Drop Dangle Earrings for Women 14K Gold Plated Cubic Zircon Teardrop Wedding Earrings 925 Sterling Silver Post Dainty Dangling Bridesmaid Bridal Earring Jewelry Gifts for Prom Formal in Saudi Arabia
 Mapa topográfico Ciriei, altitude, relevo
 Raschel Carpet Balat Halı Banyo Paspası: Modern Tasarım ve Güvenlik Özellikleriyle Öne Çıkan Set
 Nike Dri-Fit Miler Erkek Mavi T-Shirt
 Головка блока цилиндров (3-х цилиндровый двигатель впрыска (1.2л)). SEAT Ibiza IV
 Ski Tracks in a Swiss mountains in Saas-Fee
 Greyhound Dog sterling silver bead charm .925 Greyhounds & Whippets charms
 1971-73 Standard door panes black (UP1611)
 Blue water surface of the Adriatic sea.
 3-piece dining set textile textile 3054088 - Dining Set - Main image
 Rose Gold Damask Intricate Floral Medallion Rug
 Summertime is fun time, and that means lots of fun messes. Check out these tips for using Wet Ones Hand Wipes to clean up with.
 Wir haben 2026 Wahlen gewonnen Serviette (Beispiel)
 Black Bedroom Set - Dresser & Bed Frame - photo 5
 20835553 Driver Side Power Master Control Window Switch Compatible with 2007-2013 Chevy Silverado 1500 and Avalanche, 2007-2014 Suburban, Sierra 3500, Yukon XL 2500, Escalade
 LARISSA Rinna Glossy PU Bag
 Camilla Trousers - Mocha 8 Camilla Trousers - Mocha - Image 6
▬▬▬▬▬▬
_Assignment_
Output all records verbatim.

_Reply_
Drop Dangle Earrings for Women 14K Gold Plated Cubic Zircon Teardrop Wedding Earrings 925 Sterling Silver Post Dainty Dangling Bridesmaid Bridal Earring Jewelry Gifts for Prom Formal in Saudi Arabia
 Mapa topográfico Ciriei, altitude, relevo
 Raschel Carpet Balat Halı Banyo Paspası: Modern Tasarım ve Güvenlik Özellikleriyle Öne Çıkan Set
 Nike Dri-Fit Miler Erkek Mavi T-Shirt
 Головка блока цилиндров (3-х цилиндровый двигатель впрыска (1.2л)). SEAT Ibiza IV
 Ski Tracks in a Swiss mountains in Saas-Fee
 Greyhound Dog sterling silver bead charm .925 Greyhounds & Whippets charms
 1971-73 Standard door panes black (UP1611)
 Blue water surface of the Adriatic sea.
 3-piece dining set textile textile 3054088 - Dining Set - Main image
 Rose Gold Damask Intricate Floral Medallion Rug
 Summertime is fun time, and that means lots of fun messes. Check out these tips for using Wet Ones Hand Wipes to clean up with.
 Wir haben 2026 Wahlen gewonnen Serviette (Beispiel)
 Black Bedroom Set - Dresser & Bed Frame - photo 5
 20835553 Driver Side Power Master Control Window Switch Compatible with 2007-2013 Chevy Silverado 1500 and Avalanche, 2007-2014 Suburban, Sierra 3500, Yukon XL 2500, Escalade
 LARISSA Rinna Glossy PU Bag
 Camilla Trousers - Mocha 8 Camilla Trousers - Mocha - Image 6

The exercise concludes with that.